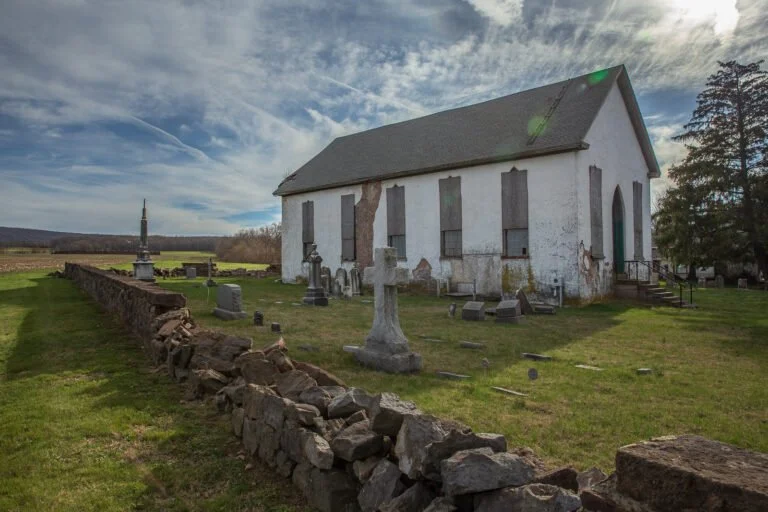 An old, weathered white church with boarded-up windows and a pitched roof, surrounded by a graveyard with broken and upright headstones, a stone wall in the foreground, and a cloudy sky overhead.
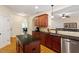 Open kitchen with granite countertops, stainless steel appliances, island and view into the living room at 68 Tanners Way, Clayton, NC 27527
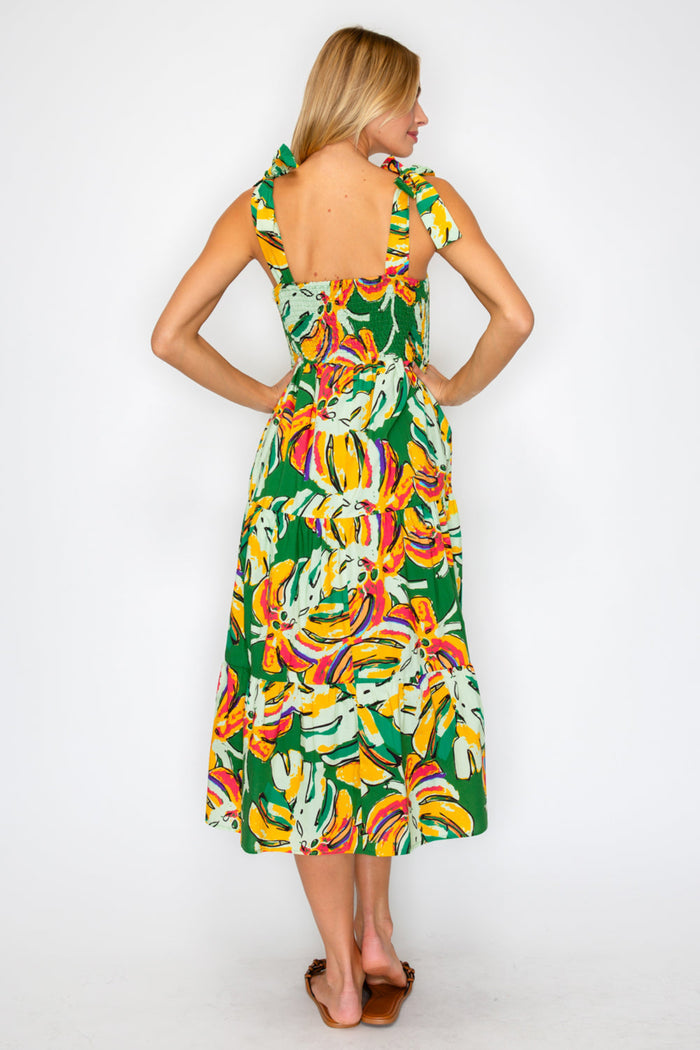 Woman wearing a colorful dress with a banana leaf pattern on a white background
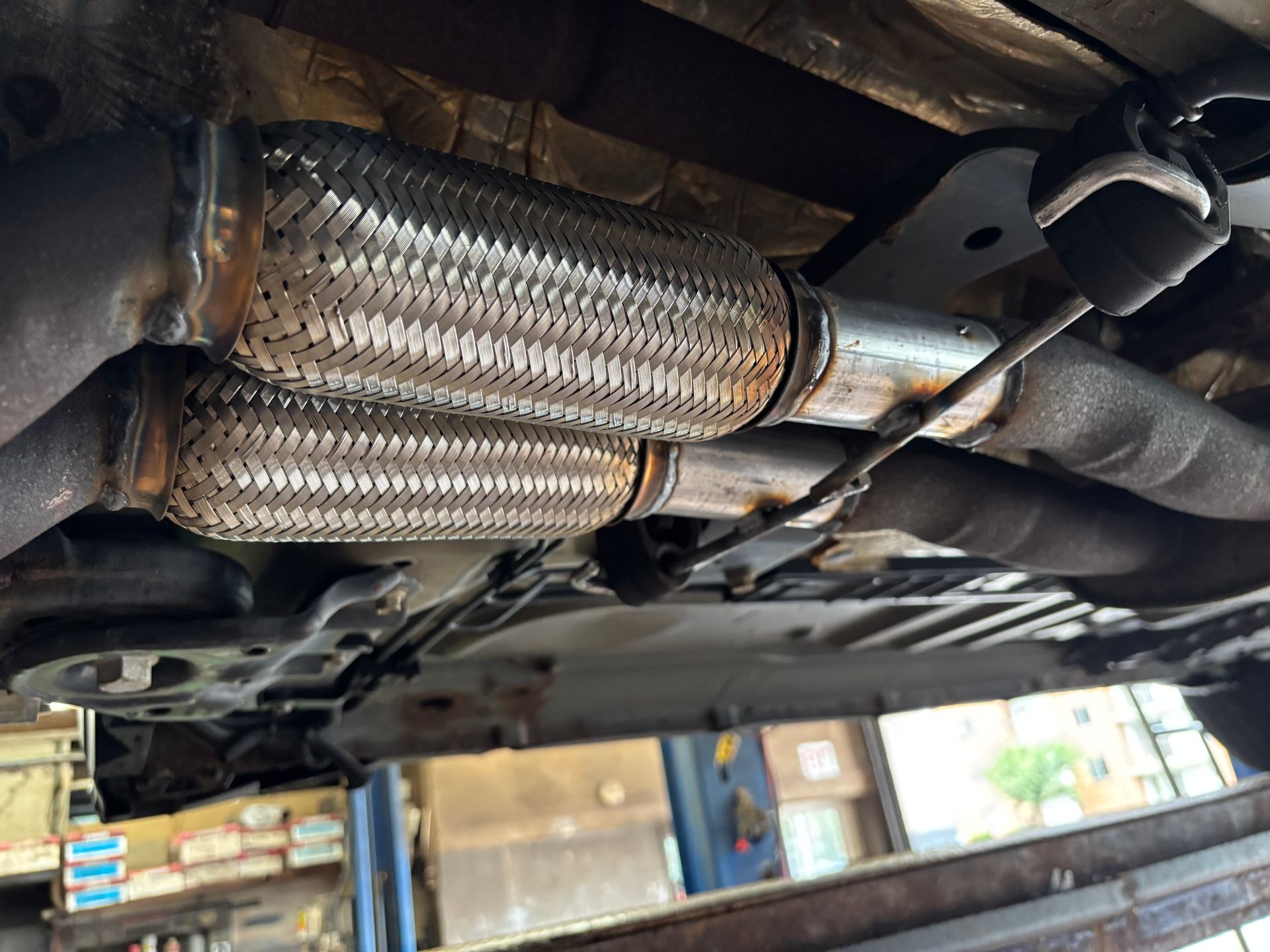 Undercarriage exhaust system with a flex pipe section, showing rust and repair.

▬▬▬▬▬▬▬▬▬▬

Exercise — Inclusive range, exact copy: the line containing "Open kitchen with" through the last line of the listing. Print nothing else, and no pictures.

Exercise answer —
 Open kitchen with granite countertops, stainless steel appliances, island and view into the living room at 68 Tanners Way, Clayton, NC 27527
 Woman wearing a colorful dress with a banana leaf pattern on a white background
 Undercarriage exhaust system with a flex pipe section, showing rust and repair.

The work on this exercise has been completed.